RECORDS FOR THIS EXERCISE Start Marker
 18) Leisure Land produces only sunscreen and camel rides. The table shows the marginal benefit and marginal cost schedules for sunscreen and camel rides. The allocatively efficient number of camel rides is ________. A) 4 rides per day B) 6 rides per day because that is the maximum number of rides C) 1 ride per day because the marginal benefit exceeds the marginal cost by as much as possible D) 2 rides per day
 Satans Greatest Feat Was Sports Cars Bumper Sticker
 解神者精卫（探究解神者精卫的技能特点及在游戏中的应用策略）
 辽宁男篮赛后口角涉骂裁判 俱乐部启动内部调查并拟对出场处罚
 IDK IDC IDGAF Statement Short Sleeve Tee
RECORDS FOR THIS EXERCISE End Marker
RECORDS FOR THIS EXERCISE Start Marker
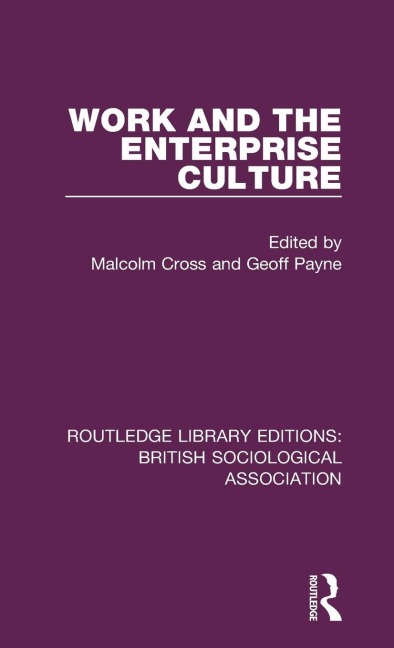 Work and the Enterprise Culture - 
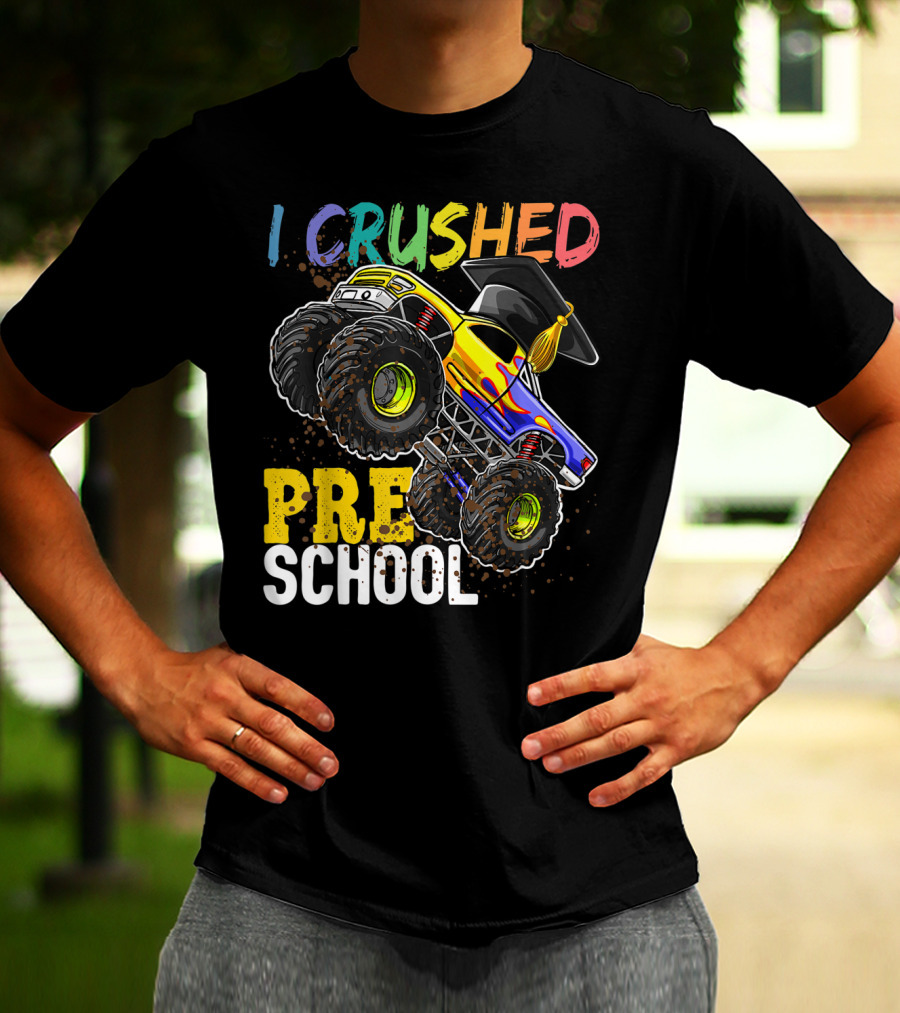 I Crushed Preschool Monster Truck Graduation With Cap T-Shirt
RECORDS FOR THIS EXERCISE End Marker
RECORDS FOR THIS EXERCISE Start Marker
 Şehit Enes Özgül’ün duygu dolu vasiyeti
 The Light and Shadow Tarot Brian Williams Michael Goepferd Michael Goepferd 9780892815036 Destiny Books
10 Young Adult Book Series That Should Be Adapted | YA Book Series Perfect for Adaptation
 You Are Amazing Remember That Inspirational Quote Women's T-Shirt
RECORDS FOR THIS EXERCISE End Marker
[PROBLEM STATEMENT]: Among the entries above, the line containing "18) Leisure Land", the line containing "IDK IDC IDGAF Statement Short Sleeve Tee", and all lines between them are to be restated word for word; nothing else belongs in the reply.

[ANSWER TO THIS EXERCISE]:
 18) Leisure Land produces only sunscreen and camel rides. The table shows the marginal benefit and marginal cost schedules for sunscreen and camel rides. The allocatively efficient number of camel rides is ________. A) 4 rides per day B) 6 rides per day because that is the maximum number of rides C) 1 ride per day because the marginal benefit exceeds the marginal cost by as much as possible D) 2 rides per day
 Satans Greatest Feat Was Sports Cars Bumper Sticker
 解神者精卫（探究解神者精卫的技能特点及在游戏中的应用策略）
 辽宁男篮赛后口角涉骂裁判 俱乐部启动内部调查并拟对出场处罚
 IDK IDC IDGAF Statement Short Sleeve Tee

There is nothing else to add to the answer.